I spray them with hairspray.  It dries flat and invisible, but keeps edges from fraying. 
If you can get it in a freezer, they will die in a few days.  Or, bag it and stick it in your attic for a few weeks they will die from dehydration/starvation.


I suggest getting them at night.  Oh yeah, they still will fly and get you at night and a white flashlight gives them a "beacon."  Use a red filter and work fast.


----------



## Mac (Dec 20, 2011)

dawg2 said:


> I spray them with hairspray.  It dries flat and invisible, but keeps edges from fraying.
> .



Thanks,  good idea


----------



## yote killa (Jan 8, 2012)

We had one the size of a basketball. We shot it with our bows for a few days then we all learned our lesson the hard way. My dad got it in the eye younger bro got it in the arm not a fun afternoon.


----------



## Gumbo1 (Jan 8, 2012)

Mac said:


> I have several, any ideas on how to perserve after you get them?



Do NOTHING to it. Just hang inside away from where people can touch it. Leave it as is and it will last for years. Trust me.


----------



## Old Winchesters (Jan 8, 2012)

Warm day and wasp spray into the entrance they fall out. bag it at least a couple weeks in the freezer.... I have gotten a few this way..


----------



## Bow Only (Jan 16, 2012)

Only a Southerner would appreciate this, but as a Christmas present, I gave my Dad the biggest one.  I got it when it was cold and double bagged it.  I gave him the bag and said, "Here's one of your Christmas presents, don't shake it or open it for about 3 months."  
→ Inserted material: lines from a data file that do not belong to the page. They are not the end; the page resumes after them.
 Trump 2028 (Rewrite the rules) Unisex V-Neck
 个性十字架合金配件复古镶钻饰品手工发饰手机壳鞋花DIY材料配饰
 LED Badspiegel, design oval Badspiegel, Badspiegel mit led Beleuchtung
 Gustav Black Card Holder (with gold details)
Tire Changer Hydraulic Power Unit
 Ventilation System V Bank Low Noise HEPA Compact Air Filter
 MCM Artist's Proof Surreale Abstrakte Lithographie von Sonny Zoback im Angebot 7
As a side note, your wife won't be too happy about taking a hornet's nest (filled with hornets) in her new vehicle.  Can you imagine that scene if they would have gotten out?


----------



## saltysenior (Jan 16, 2012)

messin' with big foot ,black panthers,rattlers,gators,and other things in the woods that people worry about, do not even come close to the dangers of collecting a hornet's nest..............i found out the hard way.


----------



## Sugar Plum (Jan 16, 2012)

Bow Only said:


> Only a Southerner would appreciate this, but as a Christmas present, I gave my Dad the biggest one.  I got it when it was cold and double bagged it.  I gave him the bag and said, "Here's one of your Christmas presents, don't shake it or open it for about 3 months."
> 
> As a side note, your wife won't be too happy about taking a hornet's nest (filled with hornets) in her new vehicle.  Can you imagine that scene if they would have gotten out?
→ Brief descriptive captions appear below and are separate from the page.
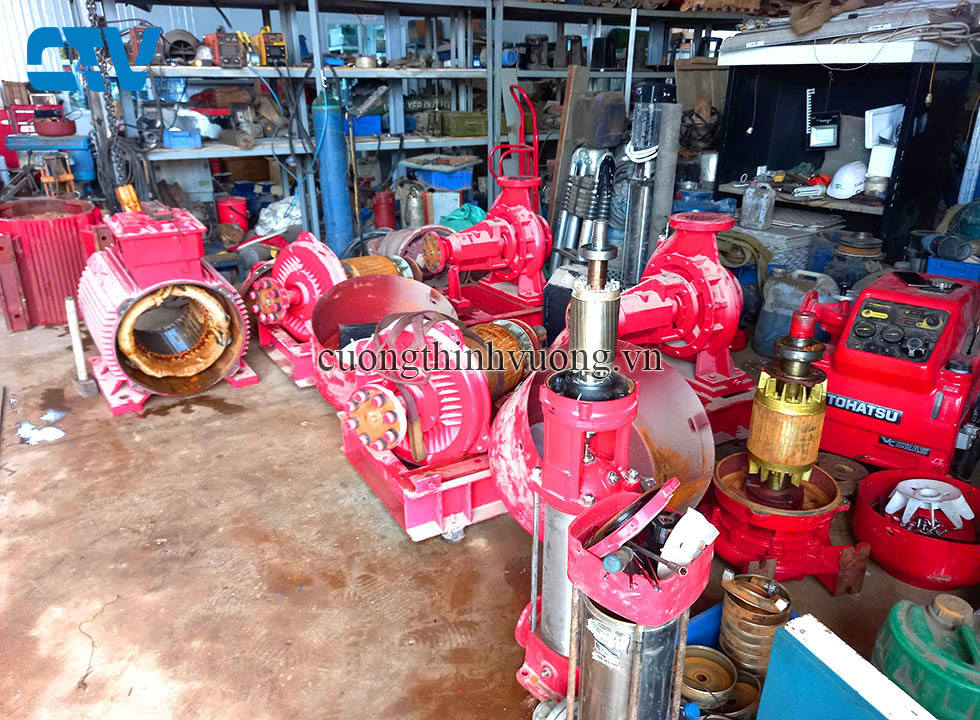 Cường Thịnh Vương – Dịch vụ sửa chữa máy bơm công nghiệp bị cháy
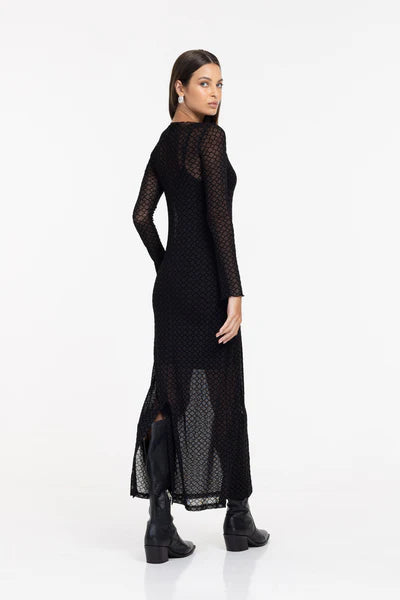 BLAK // Gigi Dress BLACK QUATREFOIL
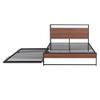 Anwickmak Modern Full Size Metal Platform Bed Frame with Trundle, USB Ports and Slat Support,No Box Spring Needed,Easy Assembly (Black) view 4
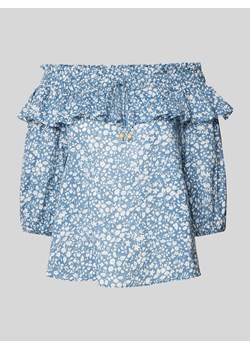 Bluzka z odkrytymi ramionami i nadrukiem na całej powierzchni model ‘MIERCHAL’ ze sklepu Peek&Cloppenburg  w kategorii Bluzki damskie - zdjęcie 172052819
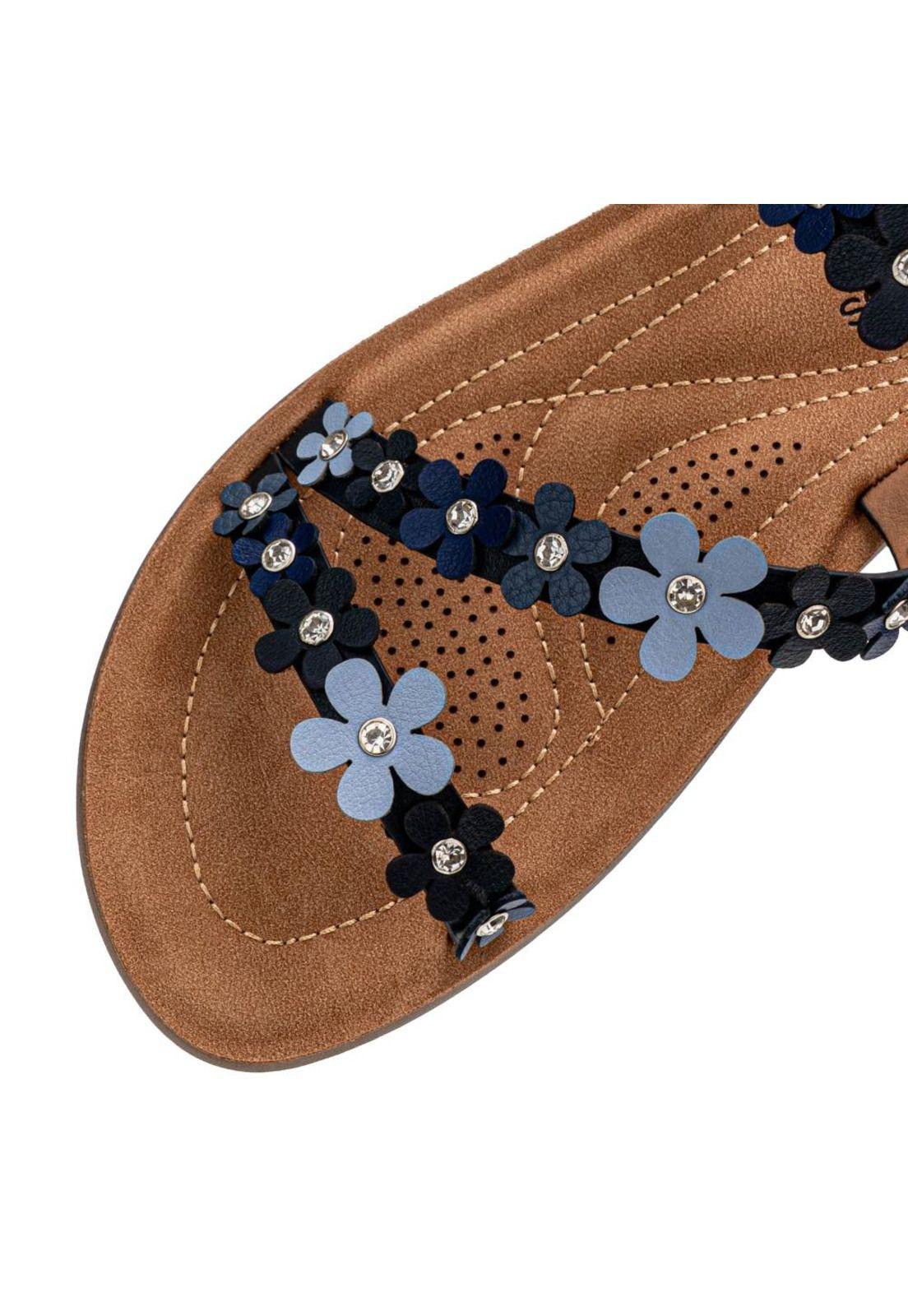 Platanitos Sandalia Dama Sf Flor-6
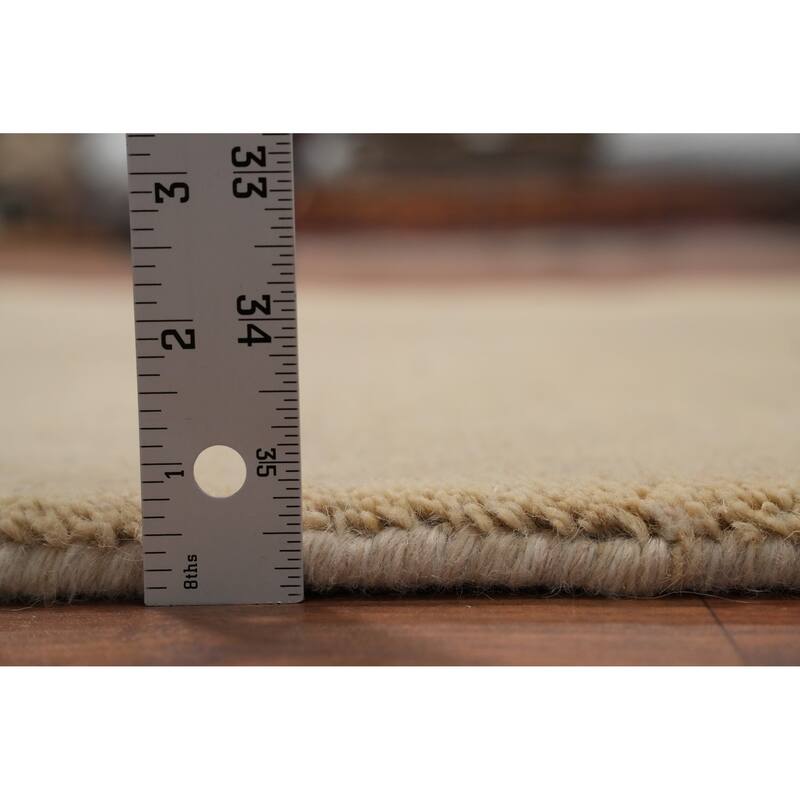 Hand Knotted Oriental 100% Wool Carpet Modern Solid Beige & Ivories Gabbeh Area Rug - 6' 0'' X 3' 10''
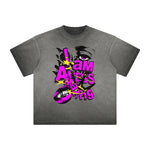 Vintage Frayed Abstract Art Pattern Tee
Oh my! I bet she was THRILLED.


----------



## shakey gizzard (Jan 16, 2012)

I'am assumin these are Bald Faced Hornets? Why kill them, they are a" good" bug! Open the bag(after cutting branch) on a rainy day or high humidity and release them!


----------



## rigderunner (Jan 24, 2012)

saltysenior said:


> messin' with big foot ,black panthers,rattlers,gators,and other things in the woods that people worry about, do not even come close to the dangers of collecting a hornet's nest..............i found out the hard way.



yep i once knew a guy who did the garbage bag freezing and lettin them go in the rain and come spring the eggs hatched and he had a house full of ticked  off hornets


----------